N’allez pas chercher plus loin les raisons pour lesquelles la France se situe en dessous de la moyenne de l’Union européenne en termes de croissance, alors que, compte tenu de l’alignement des planètes, comme le dit Bercy, qu’il s’agisse de l’évolution de la monnaie, de la politique accommodante de la Banque centrale européenne, du prix du pétrole ou des taux d’intérêt avantageux, l’horizon est plutôt azuré.
Je m’adresse à vous en tant que représentante du Gouvernement dans cet hémicycle, madame la secrétaire d’État : tous les prêts à faible taux de la Caisse des dépôts et consignations ne serviront à rien si les capacités d’autofinancement des communes et des intercommunalités sont proches de zéro. §Seul l’autofinancement permettra de créer un effet de levier et d’accompagner toutes les politiques de relance.
Or nous assistons à l’effondrement de l’autofinancement. La situation sera encore tenable en 2016 – c'est la raison pour laquelle une forme de voile pudique est jetée aujourd'hui sur nos revendications –, mais elle ne le sera plus en 2017. Il restera alors ensuite trois ans de mandat pour relancer et soutenir l’activité économique.
À quatre semaines du congrès des maires de France, nous vous saisissons par conséquent officiellement, madame la secrétaire d’État. Nous nous sommes entretenus avec vous de cette question, nous en avons discuté, nous avons échangé. Je sais vos engagements, mais aussi les limites de votre mission dans le cadre budgétaire très contraint que nous connaissons.
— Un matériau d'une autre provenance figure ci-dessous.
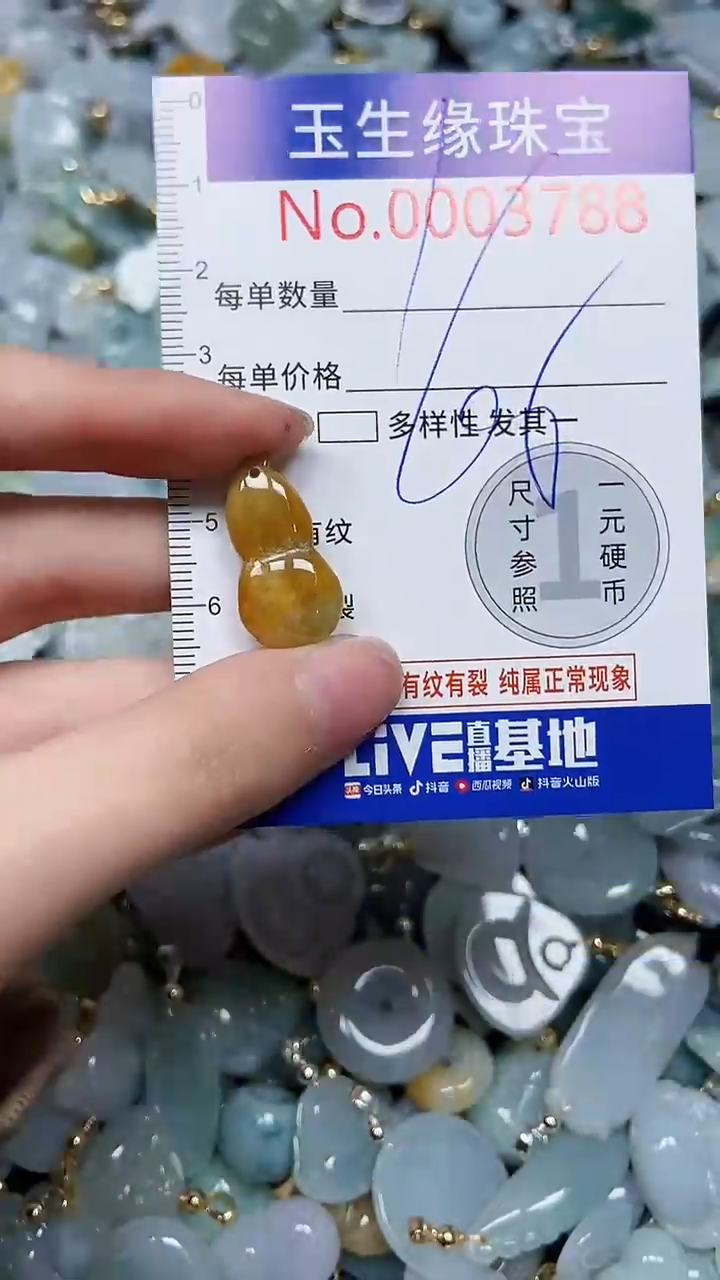 【闪购商品】翡翠颈饰未镶嵌闪购00003788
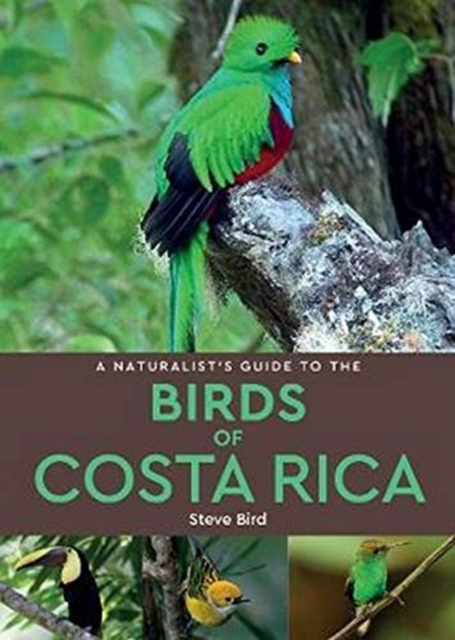 A Naturalist’s Guide to the Birds of Costa Rica (2nd edition), Paperback / softback Book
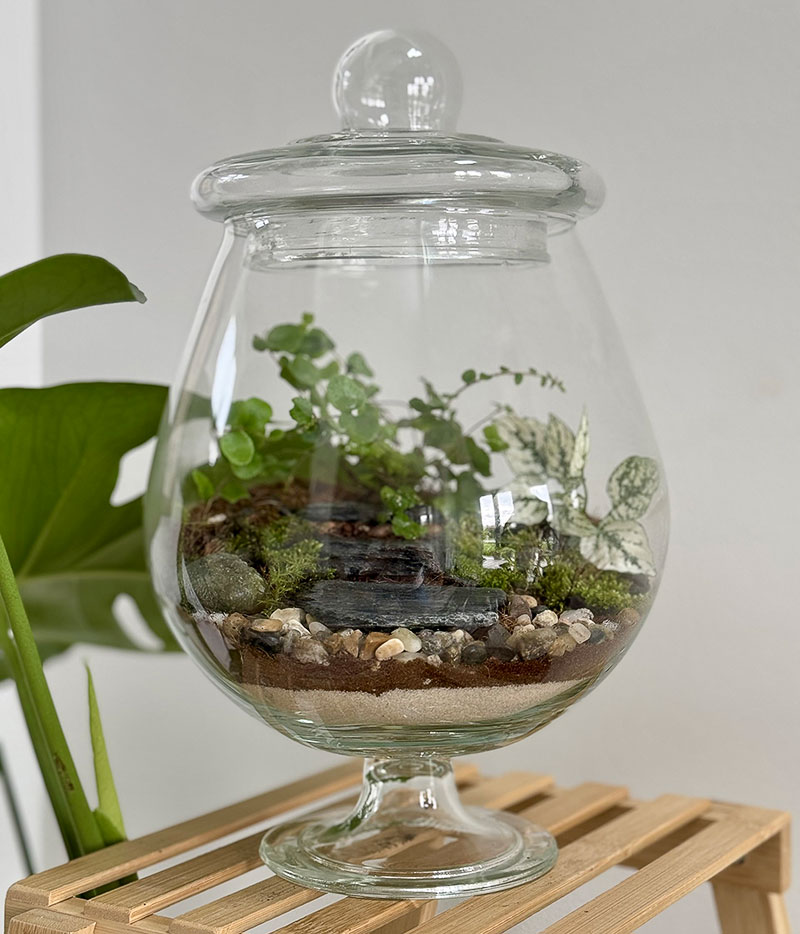 A small terrarium at Fern in Downers Grove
Ce n’est donc pas une admonestation personnelle que nous vous adressons.
À l’instar de la mobilisation unanime la semaine dernière du bloc communal, gauche et droite confondues, toutes deux portant le même message, nous vous demandons aujourd'hui de supprimer la tranche de 2017. Vous aiderez ainsi les territoires à se développer, vous conforterez la démocratie représentative et vous donnerez à l’économie française l’occasion de rebondir durablement.